*Required work:* Leave out the pictures and give back all the entries exactly as written.

Brief descriptive captions
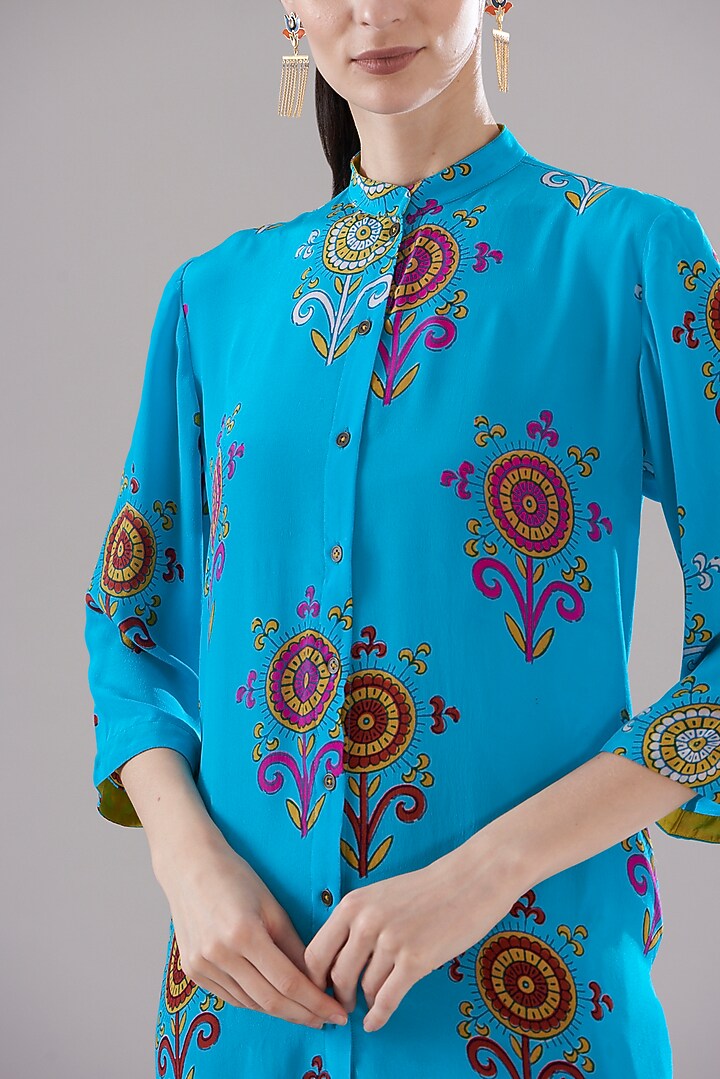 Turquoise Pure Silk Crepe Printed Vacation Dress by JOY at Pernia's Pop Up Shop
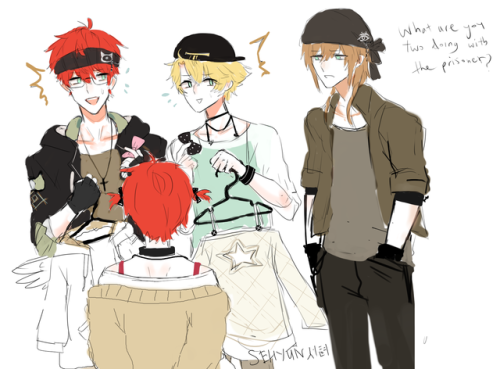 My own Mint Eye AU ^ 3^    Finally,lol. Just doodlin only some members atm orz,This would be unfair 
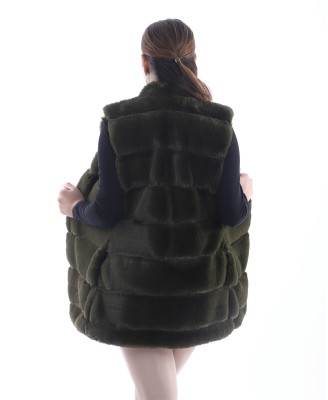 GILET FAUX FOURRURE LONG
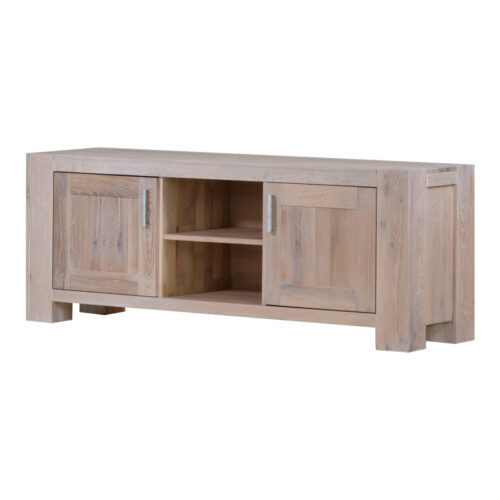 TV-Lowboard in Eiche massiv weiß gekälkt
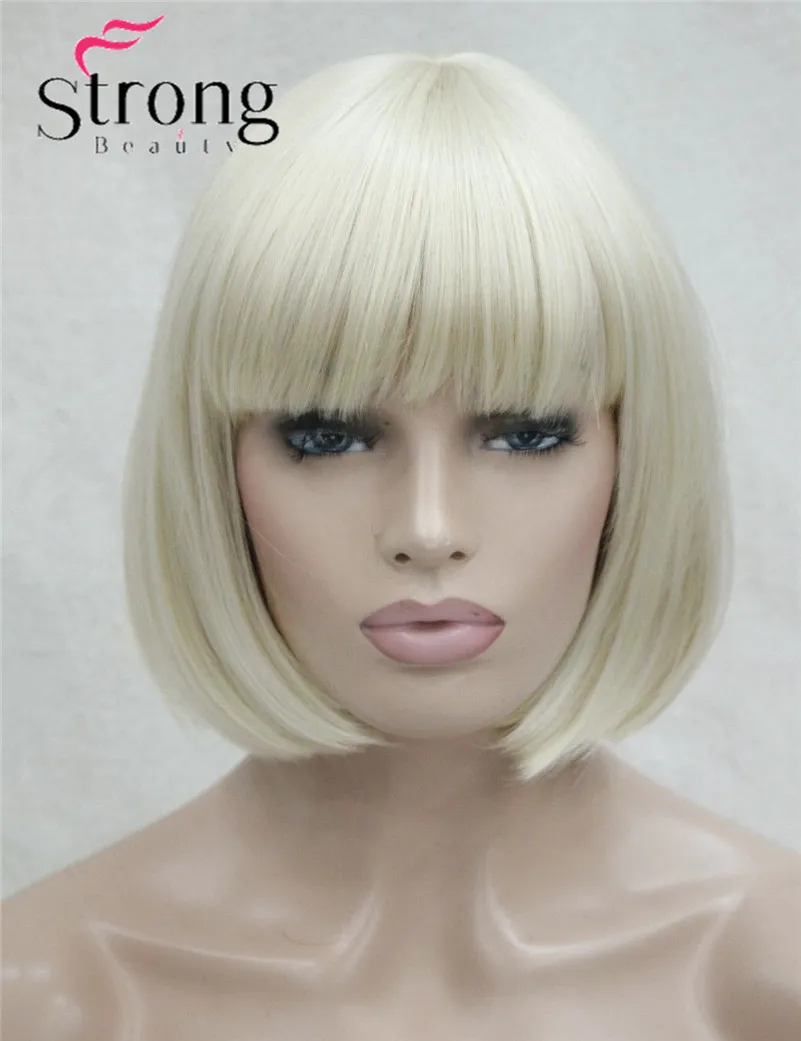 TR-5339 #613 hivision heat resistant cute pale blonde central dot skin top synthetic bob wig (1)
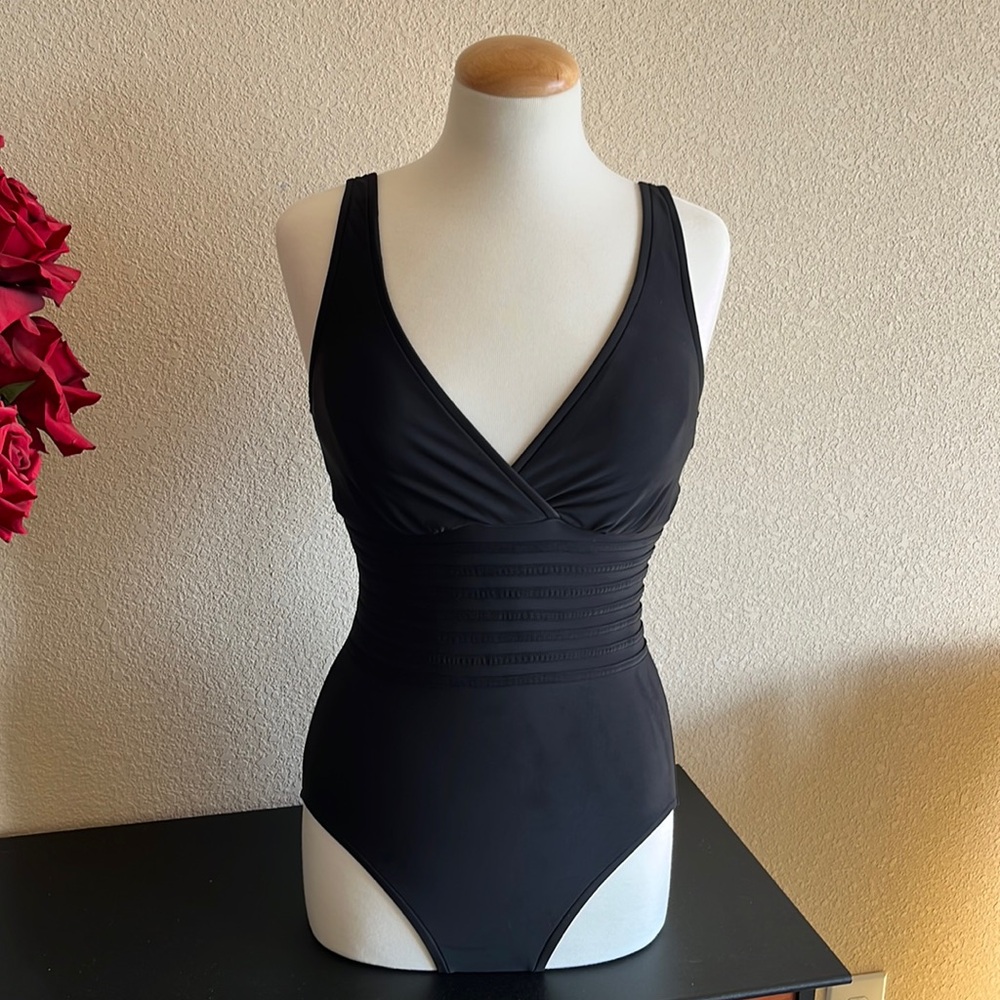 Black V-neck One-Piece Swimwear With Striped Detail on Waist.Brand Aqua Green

*Exercise answer:*
 Turquoise Pure Silk Crepe Printed Vacation Dress by JOY at Pernia's Pop Up Shop
 My own Mint Eye AU ^ 3^    Finally,lol. Just doodlin only some members atm orz,This would be unfair 
 GILET FAUX FOURRURE LONG
 TV-Lowboard in Eiche massiv weiß gekälkt
 TR-5339 #613 hivision heat resistant cute pale blonde central dot skin top synthetic bob wig (1)
 Black V-neck One-Piece Swimwear With Striped Detail on Waist.Brand Aqua Green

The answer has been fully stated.